FDA advice and preclinical work depends on the parent product and is case-specific

  • Variables include: what is known about safety, how much of that data can be leveraged, what are you doing to that product, and how it will be delivered.
  • The lifetime of the product in circulation matters.
    -- Suitable nonclinical safety and PK exposure models must be identified to measure the prodrug, metabolites, and the active agent.
    -- If the product breaks down quickly, and the prodrug is mostly undetectable or undetectable, then could potentially leverage existing oral data.
    -- The nature of the metabolites is critical. If the prodrug is radically different from the API, you will need to do more. If the PK and the metabolite are not that different from the original product, an abridged preclinical program might be possible.
    -- Anticipate performing some bridging studies.
  • Novel excipients and involvement of a device will change the course of action. If the product is combined with a device, biocompatibility of those materials must be studied. ISRs and safety of excipients will need to be studied.

Given that PK is a surrogate, could it be misleading to use oral PK to guide a non-oral program?

  • ADME of oral vs non-oral delivery – absorption could be dominant for oral drugs, and clearance could be dominant for non-oral formulations.
  • Focused on the safety aspect – you would assess organ distribution and organ toxicity. It would be a good sign if non-oral PK safety and toxicity profiles are comparable to the oral drug profiles.

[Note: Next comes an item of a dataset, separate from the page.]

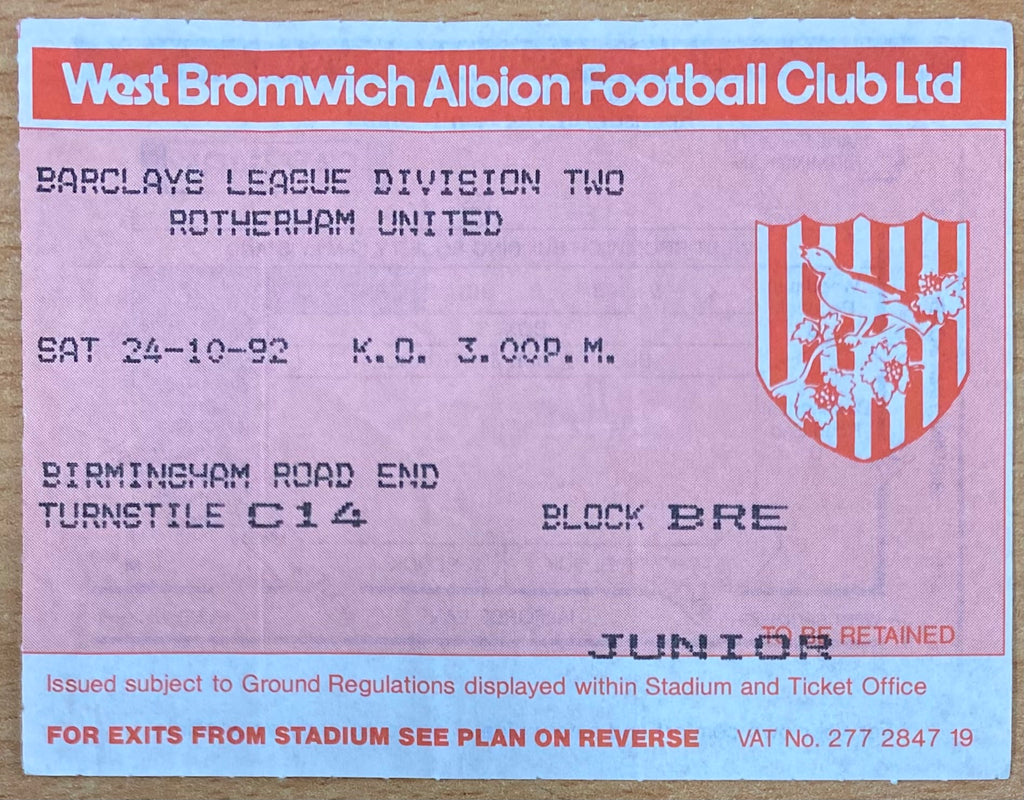 1992/93 ORIGINAL DIVISION 2 TICKET WEST BROMWICH ALBION V ROTHERHAM UNITED
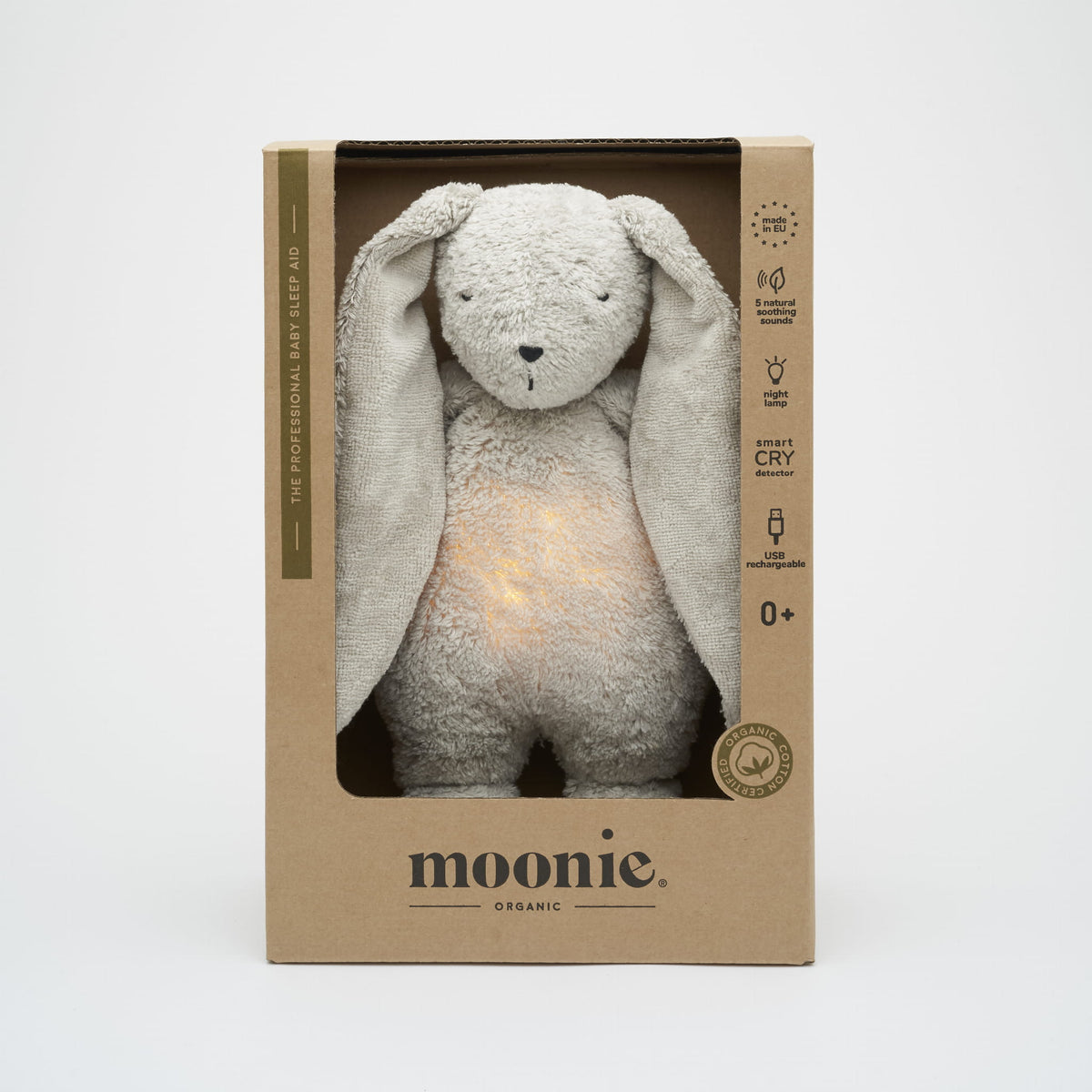 Moonie Konijn Knuffel met Nachtlampje Gray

Does the nonclinical safety package depend on targeting treatment versus prevention?

  • FDA would not be that flexible for a prevention product given that the target audience is people at high risk but otherwise healthy. There is a different risk-benefit ratio for treatment versus prevention.
  • Even if a product is specifically targeted for prevention, treatment studies may still be required – you may need to include a small preclinical treatment package.

Children vs Adults?

Began with the assertion that typically, we try to extrapolate from adult studies.

  • Children require a smaller doses – the ideal scenario would be a two-month drug dose at birth, followed by six-month incremental dosing.
  • Need to address variability and absorption, metabolism differences, and metabolism changes as the child ages.
  • Need to address differences in absorption and distribution of a drug or prodrug and the impact of the nanomaterial following IM or SQ administration in a baby.

Examples of changes in prodrug conversion rates as a function of age or weight of a baby.

  • Various esterases mature with the baby, but unsure if this translates into any clinically relevant changes in PK.
  • Transport systems mature in babies and could affect PK.
  • Gut pH in babies (4.5) is higher than an adult and can affect the release of an encapsulated drug. Taste-masking LPV – no drug was released when administered in the first 2 weeks of life.
  • Carboxylesterases increase by 2-3 fold from <3 weeks to ≥6 years old (https://pubmed.ncbi.nlm.nih.gov/26825642/).

Using in-vivo and in-silico models to help with infant studies.

  • FDA will look at safety in NHP models, but does not use PK data as a surrogate for infants – the developmental profiles of NHPs and human infants are different.
  • In-silico models must account for size, volume and function and include a continuous growth mode – be mindful about children’s growth and maturation; Model validation is important.